Tugan Sokhiev a-t-il eu tort de choisir cette version ? Elle appartient à l’histoire et elle est de Chostakovitch lui-même – à la différence du Boris Godounov « révisé » par Rimski-Korsakov. Katerina Ismaïlova, même si le fameux épisode orchestral du troisième tableau, avec son glissando de trombone quasi obscène, a disparu, n’en devient pas pour autant une bluette : moins grinçante, l’œuvre est différente, sans avoir perdu en puissance ce qu’elle a gagné en lyrisme, reflétant peut-être aussi, au-delà de la question de la censure, l’évolution musicale de Chostakovitch. L’orchestre semble d’ailleurs encore trop fourni et trop sonore pour la salle du Châtelet – à partir du deuxième acte, les cuivres sont de part et d’autre de la scène. La direction du jeune chef russe, en tout cas, qui a bénéficié du travail préparatoire de Fabien Gabel, étonne par sa maîtrise : sarcastique ou passionnée, toujours implacable, maintenant une tension constante, faisant sonner le National comme rarement, ne confondant jamais la violence et le tapage, dégageant les lignes même au plus fort des tutti – ce qui est essentiel pour restituer l’écriture de Chostakovich, comme celle de Mahler dont il reste si proche.

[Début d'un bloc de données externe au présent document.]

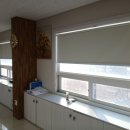 효성종합건설기술공사(주) 이미지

On ne cherchera pas chez Solveig Kringelborn - qui remplaçait Katarina Dalayman – une voix séduisante et homogène : le timbre paraît plutôt ingrat, les registres mal soudés. Mais elle met tous ses défauts au service d’une impressionnante composition, si bien qu’ils deviennent qualités. Katerina est là, frustrée, blessée, haineuse, amère et moqueuse, puis comblée, apeurée, trahie. La chanteuse norvégienne joue le rôle autant qu’elle le chante – la seule à ne pas avoir de partition devant elle. Elle est fort bien entourée, surtout par le beau-père d’Alexeï Tanovitski, brutal et lubrique à souhait, aussi terrible qu’un Hagen, d’une assurance vocale étonnante. A côté, le mari d’Evgeny Akimov et l’amant de Vladimir Grishko semblent un peu uniformes, un peu interchangeables aussi. Tout cynique et vulgaire qu’il soit, Sergueï doit aussi cacher son jeu et se faire enjôleur. Bravo en revanche au Paysan miteux, aigri et jaloux, de Vasily Gorushkov, vrai soûlard d’opéra russe, supérieur au Chef de police inquiétant mais engorgé de Nikolaï Kamensky, auquel on préfère le Pope émoustillé et le Vieux Bagnard résigné du jeune et prometteur Ilya Bannik, finaliste en 2002 du concours Opéralia. Remarquablement préparés par Matthias Brauer, les chœurs contribuent eux aussi à la réussite de la soirée, une des plus fortes de la saison.
Certains ont déploré que l’opéra ait été donné en version de concert. Quand il n’y a pas un temps mort dans la partition, quand l’orchestre est aussi présent et les chanteurs à ce point investis, on se passe fort bien de mise en scène.